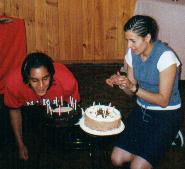 friends15.jpg (7405 bytes)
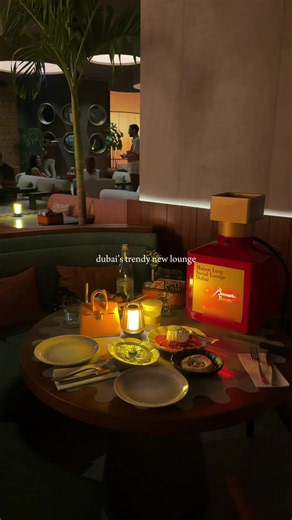 ‏Trendy new spot in dubai 📍 Loop, Business Bay | Dubai Restaurants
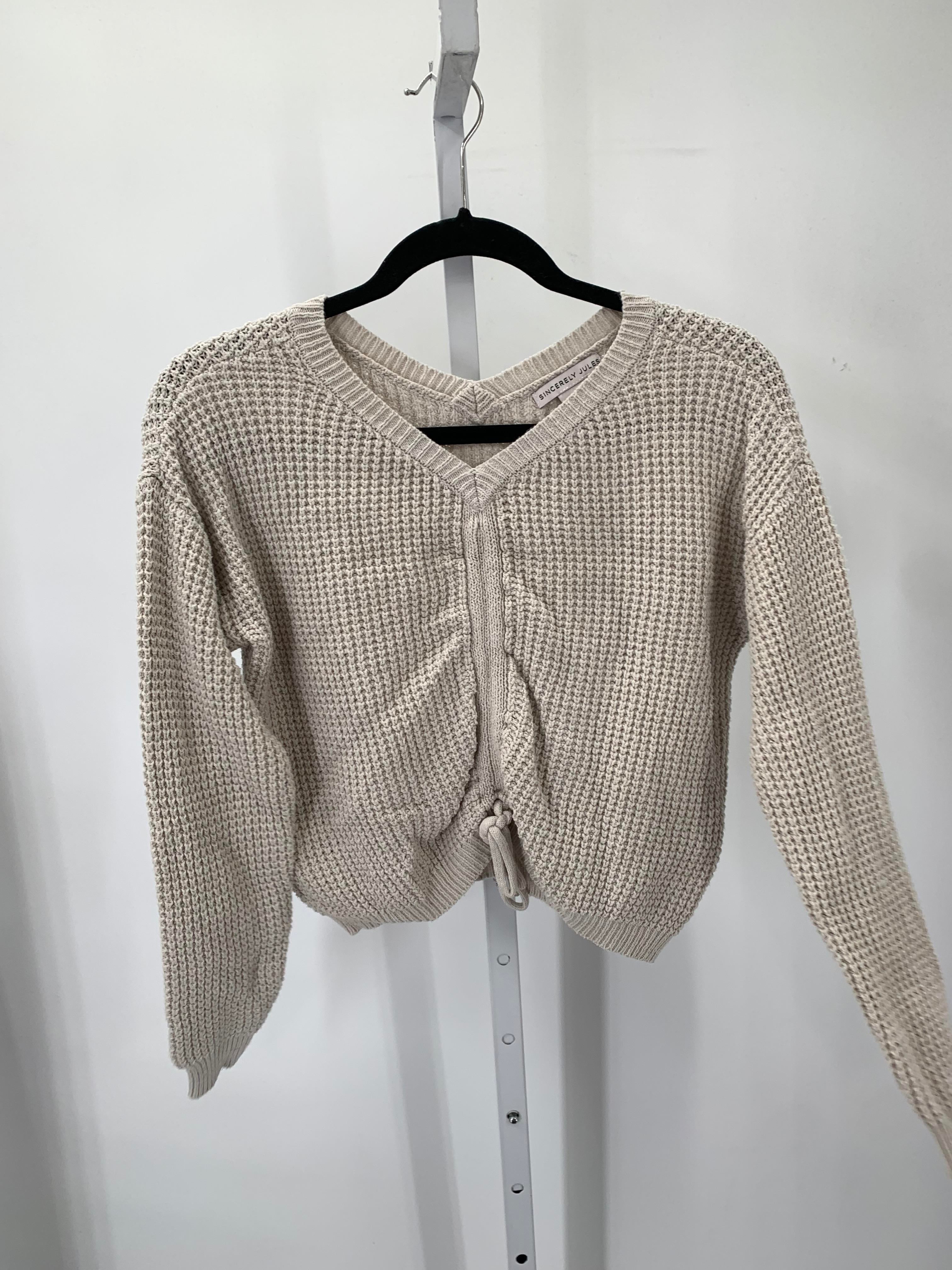 Size Small Juniors Long Sleeve Sweater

> WHAT THE EXERCISE ASKS: Pictures are to be left out; otherwise, copy exactly each line from the one containing "Bay | Dubai Restaurants" through the last line of the listing.

> YOUR RESPONSE:
 ‏Trendy new spot in dubai 📍 Loop, Business Bay | Dubai Restaurants
 Size Small Juniors Long Sleeve Sweater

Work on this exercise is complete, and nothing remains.